Skynet Chance (+0.01%): Large-scale AI infrastructure expansion increases computational capacity available for advanced AI development, which could marginally increase capabilities-related risks. However, the focus on commercial applications and cost reduction rather than frontier research limits direct impact on existential risk scenarios.
Skynet Date (+0 days): Significant increase in global AI compute capacity could modestly accelerate the timeline for advanced AI systems by reducing infrastructure bottlenecks.

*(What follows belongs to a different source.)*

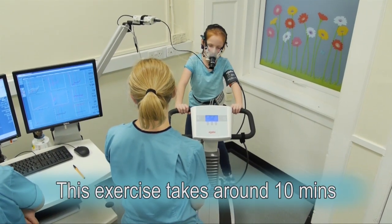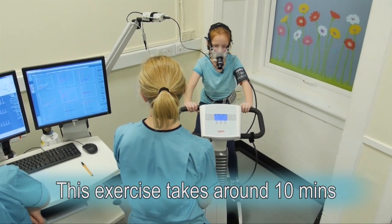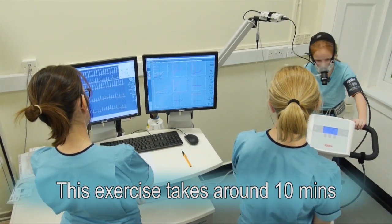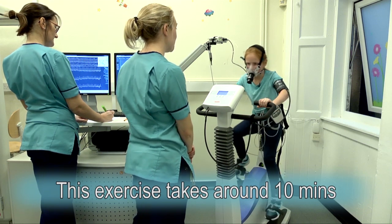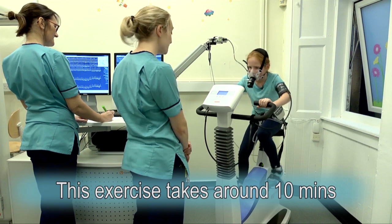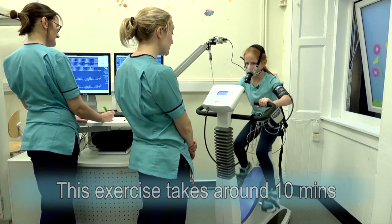Can we push that speed above 65? Keep those legs turning. Almost there now. Keep pushing. Brilliant. Legs getting tired now? You're doing really really well — just keep those going.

The magnitude is limited as this is commercial infrastructure deployment rather than breakthrough capabilities research.
AGI Progress (+0.02%): The massive investment addresses a critical constraint in AI development—compute scarcity—which Ambani explicitly identifies as the "biggest constraint in AI today." Expanding affordable, large-scale computing infrastructure removes a key bottleneck that could enable more extensive AI training and deployment across diverse applications.

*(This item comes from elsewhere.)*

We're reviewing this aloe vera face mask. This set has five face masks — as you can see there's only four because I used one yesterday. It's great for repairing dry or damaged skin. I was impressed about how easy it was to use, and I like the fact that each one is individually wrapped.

AGI Date (+0 days): By significantly expanding AI compute capacity and reducing costs, this infrastructure investment could accelerate AGI timelines by making large-scale AI experimentation more accessible. The focus on democratizing compute through cost reduction echoes how Reliance's telecom expansion enabled rapid digital adoption in India.
AI News Calendar
AI Risk Assessment Methodology
Our risk assessment methodology leverages a sophisticated analysis framework to evaluate AI development and its potential implications:
Data Collection
We continuously monitor and aggregate AI news from leading research institutions, tech companies, and policy organizations worldwide. Our system analyzes hundreds of developments daily across multiple languages and sources.
Impact Analysis
Each news item undergoes rigorous assessment through:
- Technical Evaluation: Analysis of computational advancements, algorithmic breakthroughs, and capability improvements
- Safety Research: Progress in alignment, interpretability, and containment mechanisms
- Governance Factors: Regulatory developments, industry standards, and institutional safeguards
Indicator Calculation
Our indicators are updated using a Bayesian probabilistic model that:
- Assigns weighted impact scores to each analyzed development
- Calculates cumulative effects on control loss probability and AGI timelines
- Accounts for interdependencies between different technological trajectories
- Maintains historical trends to identify acceleration or deceleration patterns
This methodology enables data-driven forecasting while acknowledging the inherent uncertainties in predicting transformative technological change.